From the Classics: Lenin on the National Question

Editors' Note: The national question is as current today as ever,  because imperialism is dominant in today's world.  There are  longstanding struggles  against the old colonialism (Puerto Rico) and neocolonialism ( e.g., much of Africa). There is the struggle against  pro-monopoly supranational  integration ( the European Union), along with rising separatism in the old states of Europe (Catalonia, Scotland), and the questions posed by the current upsurge in the African-American freedom struggle. Lenin devoted enormous attention to the national question. From his  The Right of Nations to Self-Determination, 4. "Practicality in the National Question":

"The bourgeoisie, which naturally assumes the leadership at the start of every national movement, says that support for all national aspirations is practical. However, the proletariat's policy in the national question (as in all others) supports the bourgeoisie only in a certain direction, but it never coincides with the bourgeoisie's policy.

The working class supports the bourgeoisie only in order to secure national peace (which the bourgeoisie cannot bring about completely and which can be achieved only with complete democracy), in order to secure equal rights and to create the best conditions for the class struggle.

Therefore, it is in opposition to the practicality of the bourgeoisie that the proletarians advance their principles in the national question; they always give the bourgeoisie only conditional support. What every bourgeoisie is out for in the national question is either privileges for its own nation, or exceptional advantages for it; this is called being "practical".

The proletariat is opposed to all privileges, to all exclusiveness. To demand that it should be "practical" means following the lead of the bourgeoisie, falling into opportunism. The demand for a "yes" or "no" reply to the question of secession in the case of every nation may seem a very "practical" one. In reality it is absurd; it is metaphysical in theory, while in practice it leads to subordinating the proletariat to the bourgeoisie's policy.

The bourgeoisie always places its national demands in the forefront, and does so in categorical fashion. With the proletariat, however, these demands are subordinated to the interests of the class struggle. Theoretically, you cannot say in advance whether the bourgeois-democratic revolution will end in a given nation seceding from another nation, or in its equality with the latter; in either case, the important thing for the proletariat is to ensure the development of its class.

For the bourgeoisie it is important to hamper this development by pushing the aims of its "own" nation before those of the proletariat. That is why the proletariat confines itself, so to speak, to the negative demand for recognition of the rightto self-determination, without giving guarantees to any nation, and without undertaking to give anything at the expense of another nation.
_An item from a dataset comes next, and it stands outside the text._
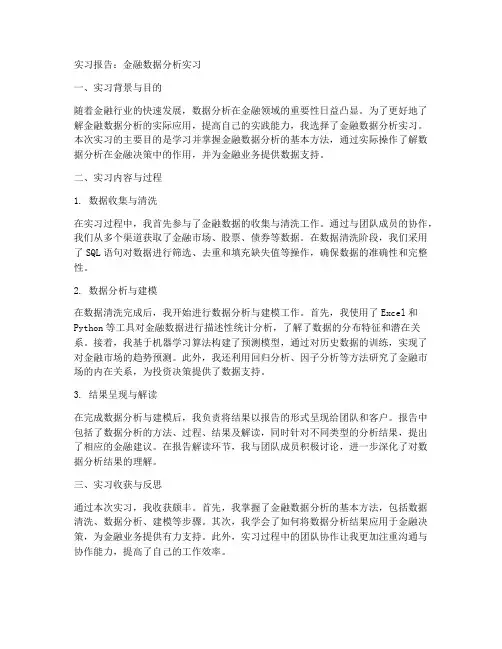 金融数据分析实习报告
This may not be "practical", but it is in effect the best guarantee for the achievement of the most democratic of all possible solutions.

The proletariat needs only such guarantees, whereas the bourgeoisie of every nation requires guarantees for its own interest, regardless of the position of (or the possible disadvantages to) other nations. The bourgeoisie is most of all interested in the "feasibility" of a given demand—hence the invariable policy of coming to terms with the bourgeoisie of other nations, to the detriment of the proletariat.
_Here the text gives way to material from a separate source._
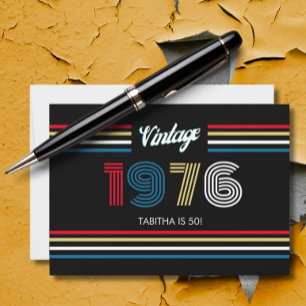 Vintage Retro Stripe 1976 50th Birthday or Reunion Invitation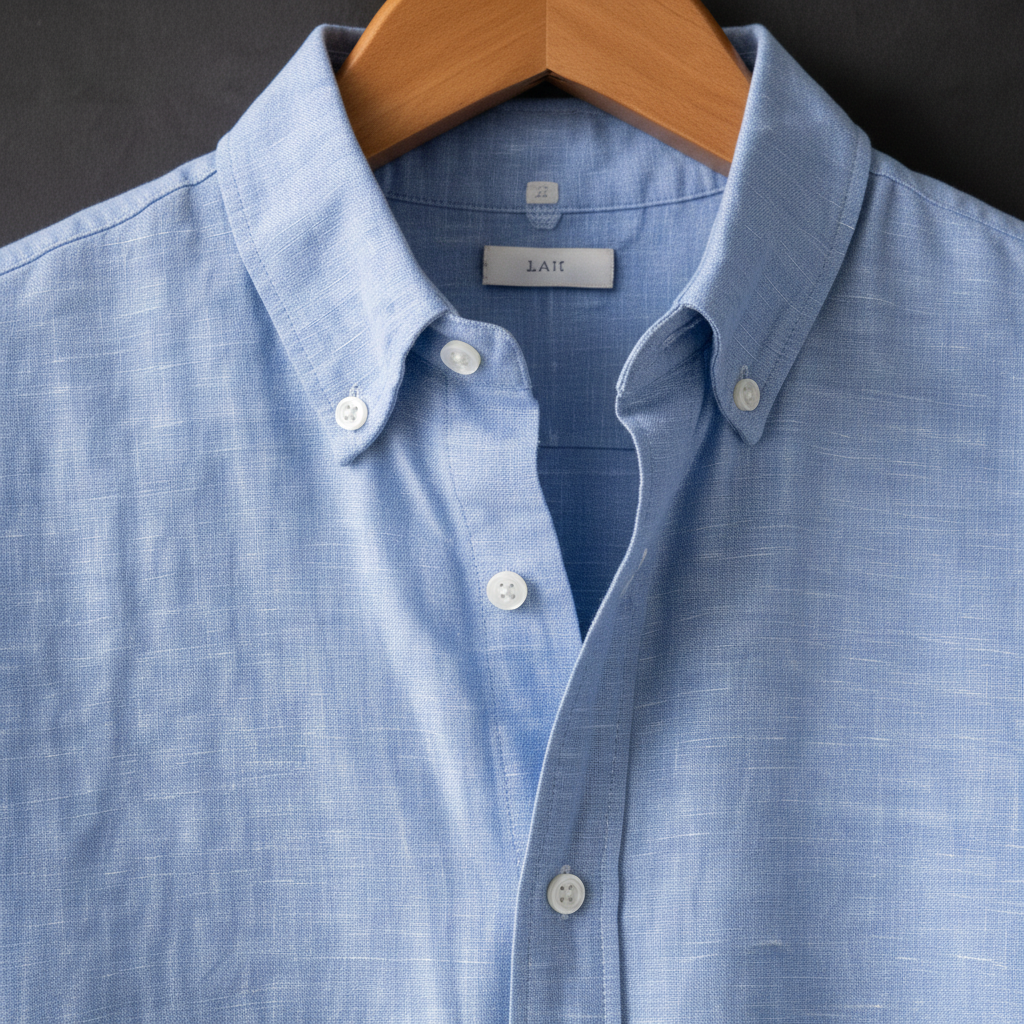 Rafael | Men’s Linen-Cotton Blend Button-Down with Curved Hem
For the proletariat, however, the important thing is to strengthen its class against the bourgeoisie and to educate the masses in the spirit of consistent democracy and socialism. This may not be "practical" as far as the opportunists are concerned, but it is the only real guarantee, the guarantee of the greater national equality and peace, despite the feudal landlords and the nationalist bourgeoisie.

The whole task of the proletarians in the national question is "unpractical" from the standpoint of the nationalist bourgeoisie of every nation, because the proletarians, opposed as they are to nationalism of every kind, demand "abstract" equality; they demand, as a matter of principle, that there should be no privileges, however slight. Failing to grasp this, Rosa Luxemburg, by her misguided eulogy of practicality, has opened the door wide for the opportunists, and especially for opportunist concessions to Great-Russian nationalism."